Que signale le pictogramme « oreille barrée », et qu’est-ce qu’une boucle à induction magnétique ? Les professionnels du tourisme qui accueillent le public devraient le savoir, de même que les personnes malentendantes puisqu’elles sont concernées. On constate pourtant une grande méconnaissance de ces outils : une étude vient enfin d’éclairer cette lacune, grâce à Maud Dupuis-Caillot qui dirige la société spécialisée dans l’accessibilité touristique et culturelle Polymorphe Design : « J’ai lancé cette enquête parce que j’étais énervée, j’entends n’importe quoi sur ce sujet ! Je me suis adressée au syndicat des audioprothésistes, aux associations. J’ai été surprise de recevoir autant de réponses, plus de 500, le sujet intéresse. Et des gens ont commenté leurs réponses, ils avaient des choses à dire. » Parmi eux, 80 professionnels de santé-social ou handicap ont répondu, 200 professionnels du tourisme et 70 personnes malentendantes. « Ça a intéressé les gens parce qu’une telle étude n’a jamais été faite, poursuit Maud Dupuis-Caillot. La grosse surprise, c’est que les audioprothésistes connaissent mal la boucle à induction magnétique, ils ne sont pas informés. Dans le tourisme, des bureaux d’accueil ont le dispositif mais les employés ne savent pas s’en servir bien qu’ils soient dans le réseau Tourisme et Handicap ! Alors que pour les personnes malentendantes, c’est génial. »
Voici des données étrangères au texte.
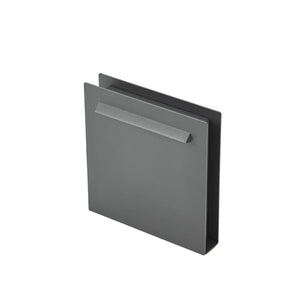 B-Ware Lucande Sockelleuchte Pollerleuchte Led Außenleuchte Anthrazit Aluminium Ip65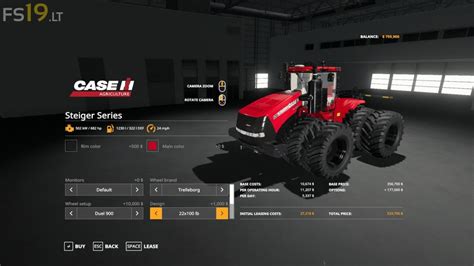 Case Ih Steiger V 20 Fs19 Mods Farming Simulator 19 Mods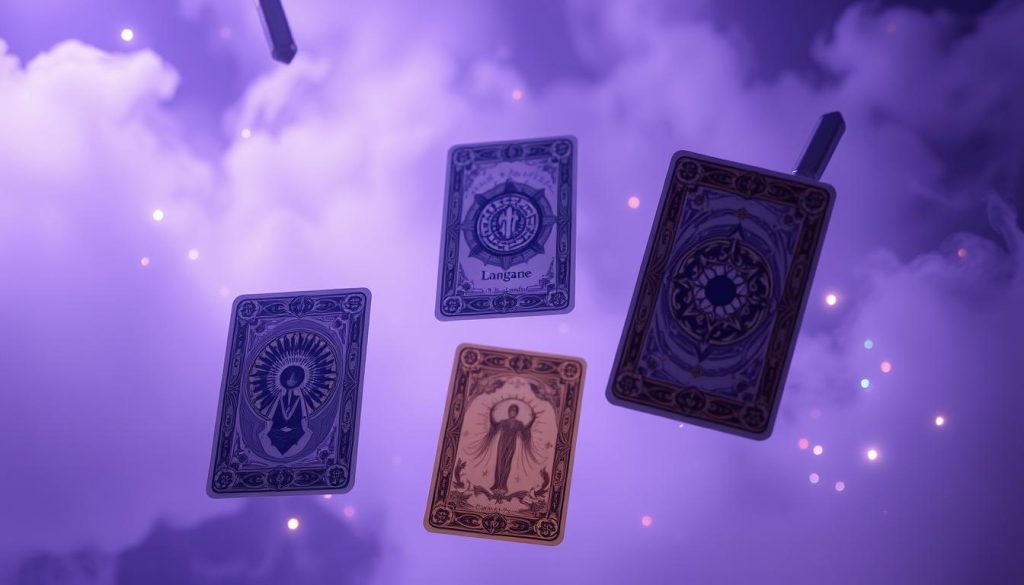 tarot cards oracle cards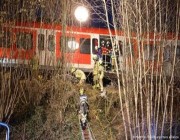 قتيل وأكثر من عشرة جرحى في اصطدام بين قطارين قرب ميونيخ (الشرطة)
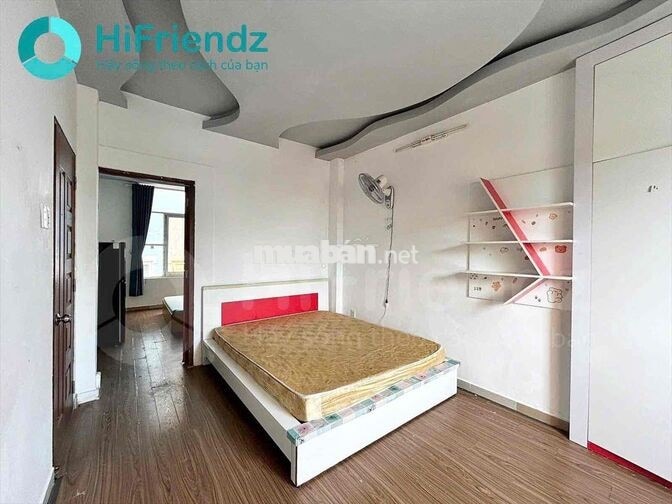 Giá Rẻ!! Cho Thuê Nguyên Tầng 2PN 40m2 4ng3xe Cửa Sổ Thoáng Quận 3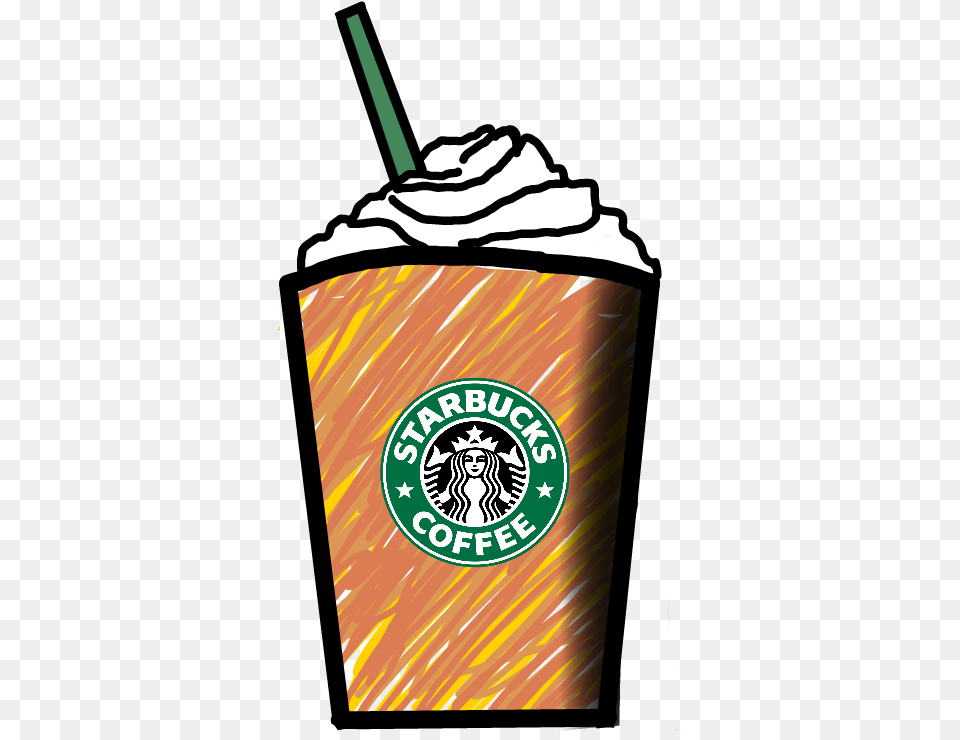 The Newest Frappuccino Stickers, Food, Cream, Ice Cream, Dessert Free Png Download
La boucle à induction magnétique (BIM) filtre le son afin d’améliorer une conversation en milieu bruyant, entendre correctement les sons au cinéma, au spectacle, etc. La BIM est par exemple utilisée pour l’accueil, l’employé parlant alors dans un micro pour que la personne entende correctement. 28% des professionnels du tourisme l’ignorent, de même que 8% des professionnels de santé-social ou handicap, et 6% des personnes malentendantes. Dans les établissements recevant du public, sa présence est signalée par un panonceau représentant une oreille traversée d’un trait complétée de la lettre T. 29% des pro du tourisme l’ignorent, 8% en santé-social-handicap et 7% des malentendants. 57% des répondants ont un niveau faible ou inexistant de connaissance de l’utilisation d’une BIM ! D’autres questions permettent d’apprécier l’utilisation des BIM par les personnels ou les personnes malentendantes, précisent les raisons de leur usage ou non-utilisation.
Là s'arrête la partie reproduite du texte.